Work order =
Copy exactly the lines from the start of the data below through the one that carries "Los Angeles Pink", and only those.

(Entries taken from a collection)

☆ ☆ ☆ ☆

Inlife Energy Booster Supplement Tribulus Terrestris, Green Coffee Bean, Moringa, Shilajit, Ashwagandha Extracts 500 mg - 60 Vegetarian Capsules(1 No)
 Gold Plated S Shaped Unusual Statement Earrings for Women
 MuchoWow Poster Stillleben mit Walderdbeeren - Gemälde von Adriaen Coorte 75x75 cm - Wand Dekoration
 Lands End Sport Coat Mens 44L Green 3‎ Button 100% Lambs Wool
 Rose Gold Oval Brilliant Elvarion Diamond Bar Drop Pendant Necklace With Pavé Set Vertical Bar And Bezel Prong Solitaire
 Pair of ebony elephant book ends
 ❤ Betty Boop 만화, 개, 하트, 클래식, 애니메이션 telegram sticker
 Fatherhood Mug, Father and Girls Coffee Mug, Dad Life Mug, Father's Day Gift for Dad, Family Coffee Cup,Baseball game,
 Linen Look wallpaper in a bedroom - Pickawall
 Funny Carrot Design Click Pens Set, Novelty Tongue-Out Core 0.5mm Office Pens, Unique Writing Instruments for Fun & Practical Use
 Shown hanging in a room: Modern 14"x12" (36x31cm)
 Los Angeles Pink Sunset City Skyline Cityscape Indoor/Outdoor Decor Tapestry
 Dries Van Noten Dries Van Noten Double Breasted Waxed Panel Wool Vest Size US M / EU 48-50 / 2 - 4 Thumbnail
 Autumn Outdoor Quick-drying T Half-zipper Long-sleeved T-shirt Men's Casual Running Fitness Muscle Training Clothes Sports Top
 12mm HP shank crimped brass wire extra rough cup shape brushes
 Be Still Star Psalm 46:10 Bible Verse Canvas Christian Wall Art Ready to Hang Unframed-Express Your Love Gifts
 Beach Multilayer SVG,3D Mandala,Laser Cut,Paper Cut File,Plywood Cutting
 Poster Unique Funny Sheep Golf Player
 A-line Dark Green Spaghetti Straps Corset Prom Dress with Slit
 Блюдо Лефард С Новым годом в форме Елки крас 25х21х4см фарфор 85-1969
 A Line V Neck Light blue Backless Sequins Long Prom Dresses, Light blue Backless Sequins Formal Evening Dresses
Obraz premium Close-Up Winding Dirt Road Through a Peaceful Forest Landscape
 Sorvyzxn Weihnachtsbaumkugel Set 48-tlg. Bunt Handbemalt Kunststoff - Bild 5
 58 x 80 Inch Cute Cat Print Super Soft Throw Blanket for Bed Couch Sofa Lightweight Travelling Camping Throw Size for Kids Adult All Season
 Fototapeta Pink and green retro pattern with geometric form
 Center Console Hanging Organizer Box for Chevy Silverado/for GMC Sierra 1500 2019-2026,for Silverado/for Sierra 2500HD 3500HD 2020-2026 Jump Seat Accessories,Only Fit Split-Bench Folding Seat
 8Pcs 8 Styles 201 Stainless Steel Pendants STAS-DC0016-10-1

☆ ☆ ☆ ☆

Result below =
Inlife Energy Booster Supplement Tribulus Terrestris, Green Coffee Bean, Moringa, Shilajit, Ashwagandha Extracts 500 mg - 60 Vegetarian Capsules(1 No)
 Gold Plated S Shaped Unusual Statement Earrings for Women
 MuchoWow Poster Stillleben mit Walderdbeeren - Gemälde von Adriaen Coorte 75x75 cm - Wand Dekoration
 Lands End Sport Coat Mens 44L Green 3‎ Button 100% Lambs Wool
 Rose Gold Oval Brilliant Elvarion Diamond Bar Drop Pendant Necklace With Pavé Set Vertical Bar And Bezel Prong Solitaire
 Pair of ebony elephant book ends
 ❤ Betty Boop 만화, 개, 하트, 클래식, 애니메이션 telegram sticker
 Fatherhood Mug, Father and Girls Coffee Mug, Dad Life Mug, Father's Day Gift for Dad, Family Coffee Cup,Baseball game,
 Linen Look wallpaper in a bedroom - Pickawall
 Funny Carrot Design Click Pens Set, Novelty Tongue-Out Core 0.5mm Office Pens, Unique Writing Instruments for Fun & Practical Use
 Shown hanging in a room: Modern 14"x12" (36x31cm)
 Los Angeles Pink Sunset City Skyline Cityscape Indoor/Outdoor Decor Tapestry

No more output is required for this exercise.